* **Assignment**
Retype, without changes, every line from the line that contains "CC0, gemeinfrei, lizenzfrei" through the final line of the records. Exclude pictures.

##### Supplied information

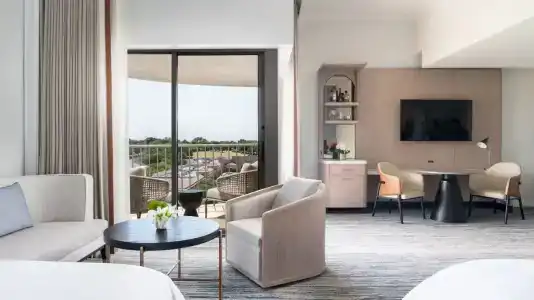 Four Seasons Resort and Club Dallas at Las Colinas - 11
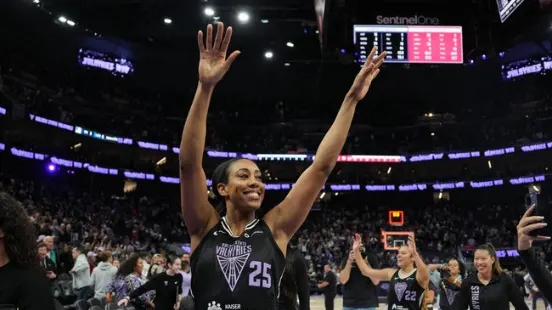 Connecticut Sun at Golden State Valkyries 06/22/25 - WNBA Picks & Predictions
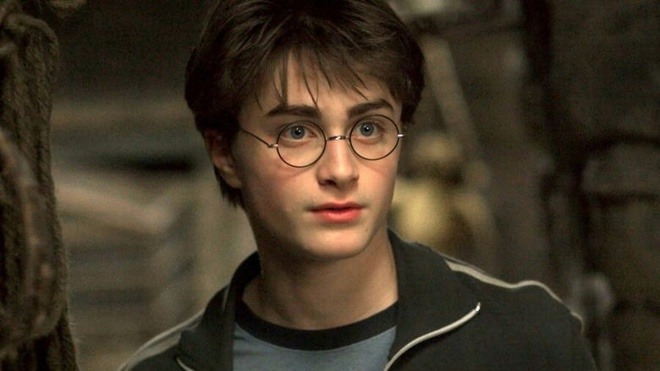 Tài tử Harry Potter vẫn "ghen tị" với đồng nghiệp dù catxe đã chạm ngưỡng 100 triệu USD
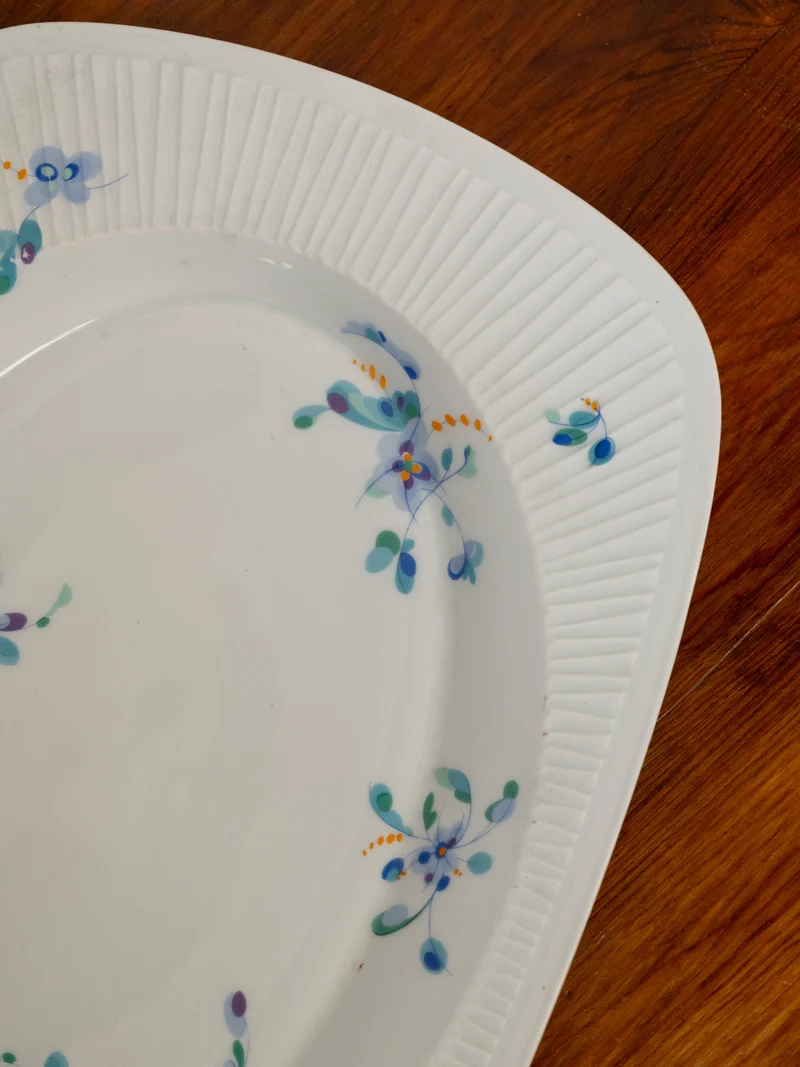 Nestor, le plat de service en porcelaine fine Haviland N°708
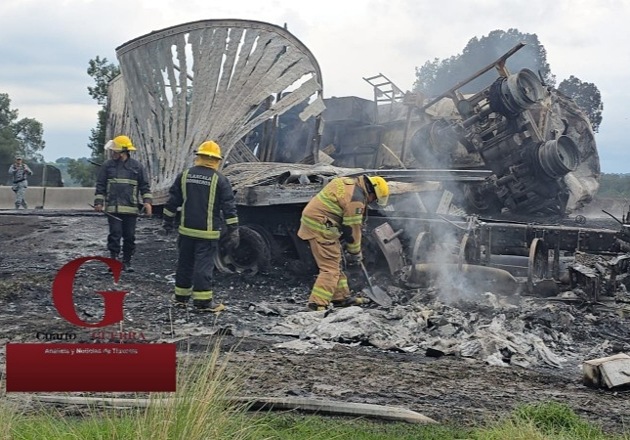 Pipa de diésel se desprende, choca contra tráiler y explota en Hueyotlipan; hay un muerto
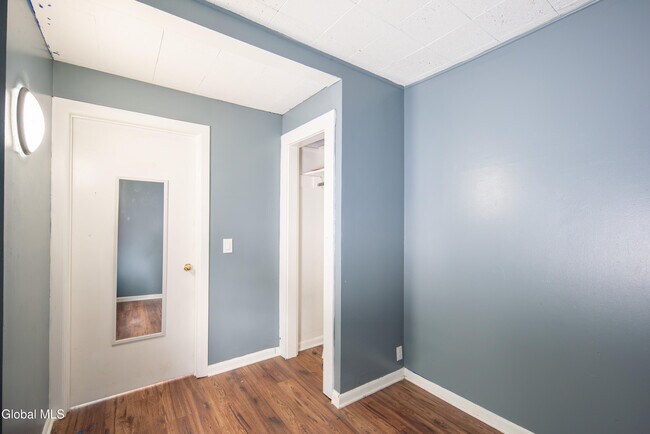 Building Photo - 6 Utica Ave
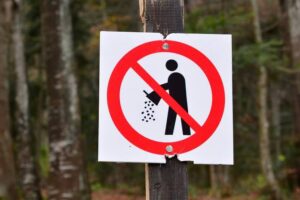 Нельзя мусорить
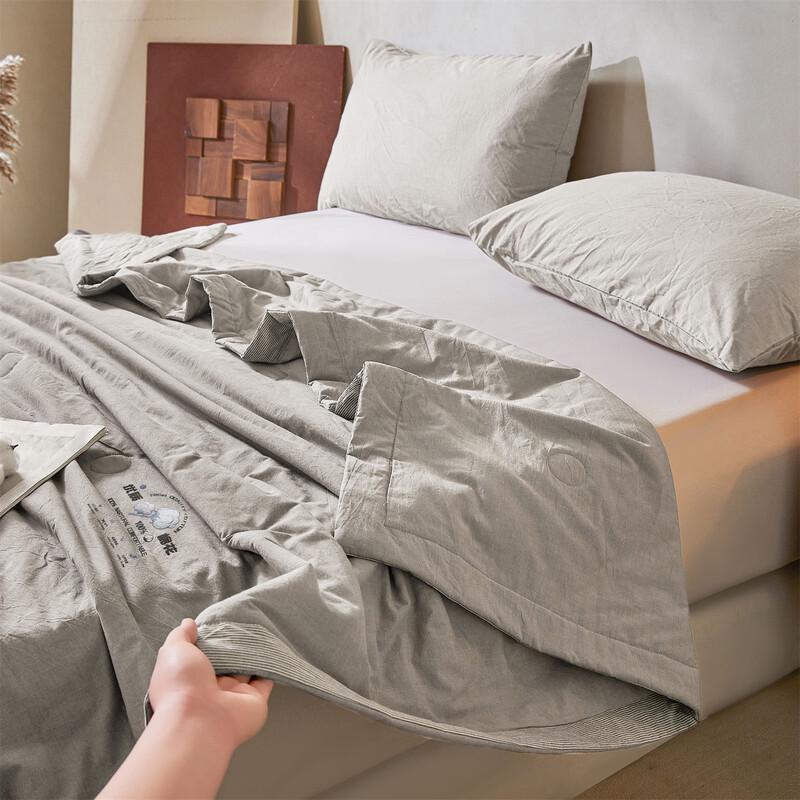 Southern Life Simple Cotton Quilt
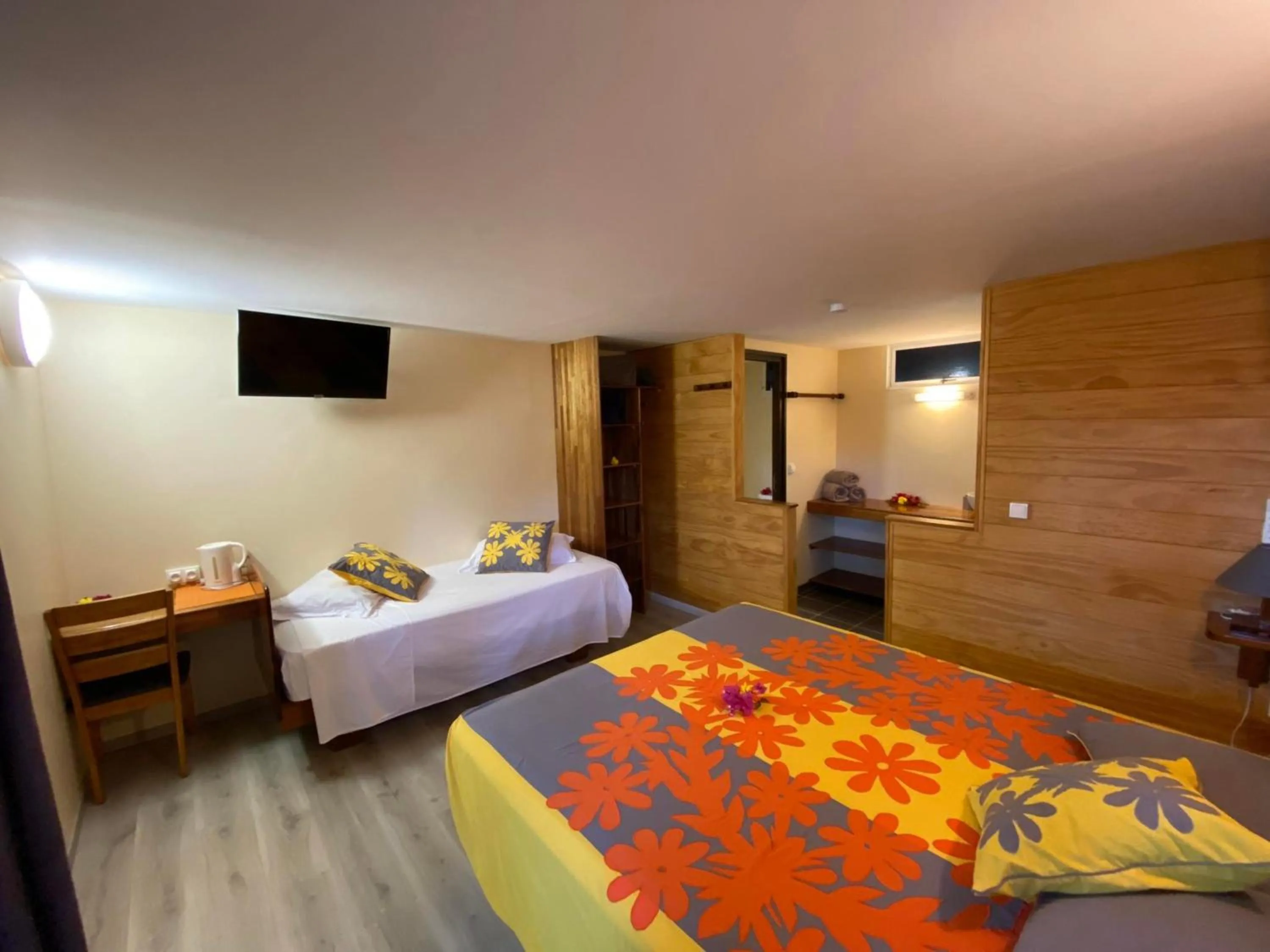 TV and multimedia, Bed in BORA BORA HOLIDAY'S LODGE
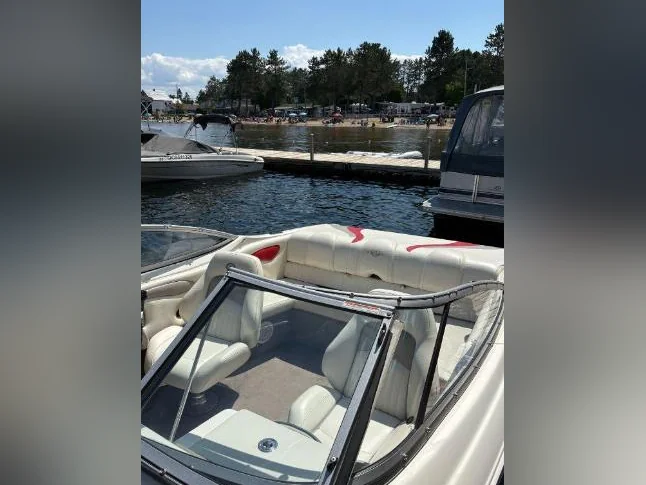 Bateau Stingray 195 LR 2009 thumbnail 10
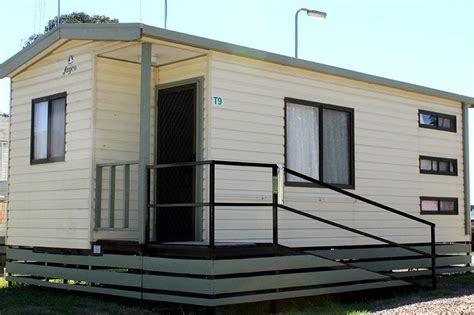 Standard Cabins Acacia Gardens Caravan Park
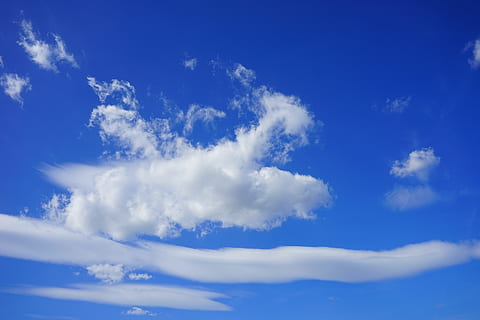 Wolken, Schneeregen, Wolkenbildung, Himmel, Sommertag, Blau, Weiß, Wolken bilden sich, sonniger Tag, sonnig, Sonne, Sonnenstrahl, schöner Tag, Sommer-, Kumuluswolken, Wetter, Klima, Klimaerwärmung, über den Wolken, Himmelblau, azur, wolke - himmel, Schönheit in der Natur, Flachwinkelansicht, Natur, Ruhe, Wolkengebilde, weiße Farbe, keine Leute, Szenen - Natur, Hintergründe, Tag, ruhige Szene, Atmosphäre, Umgebung, idyllisch, draußen, Meteorologie, flauschige, Wind, wispy, 5K, CC0, gemeinfrei, lizenzfrei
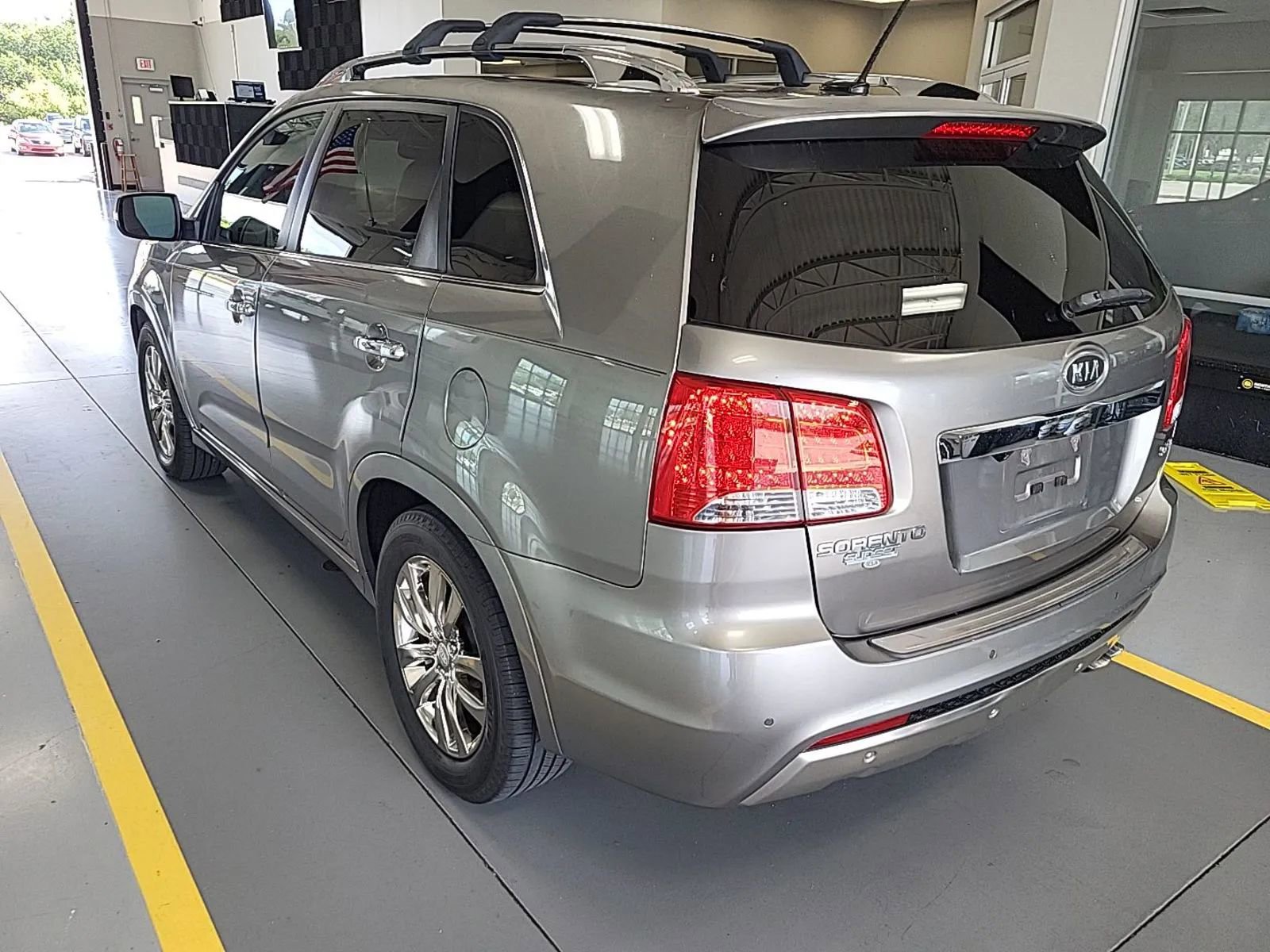 Used 2013 Kia Sorento SX w/ SX Premium Pkg FWD image 19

##########

* **Task response**
 Wolken, Schneeregen, Wolkenbildung, Himmel, Sommertag, Blau, Weiß, Wolken bilden sich, sonniger Tag, sonnig, Sonne, Sonnenstrahl, schöner Tag, Sommer-, Kumuluswolken, Wetter, Klima, Klimaerwärmung, über den Wolken, Himmelblau, azur, wolke - himmel, Schönheit in der Natur, Flachwinkelansicht, Natur, Ruhe, Wolkengebilde, weiße Farbe, keine Leute, Szenen - Natur, Hintergründe, Tag, ruhige Szene, Atmosphäre, Umgebung, idyllisch, draußen, Meteorologie, flauschige, Wind, wispy, 5K, CC0, gemeinfrei, lizenzfrei
 Used 2013 Kia Sorento SX w/ SX Premium Pkg FWD image 19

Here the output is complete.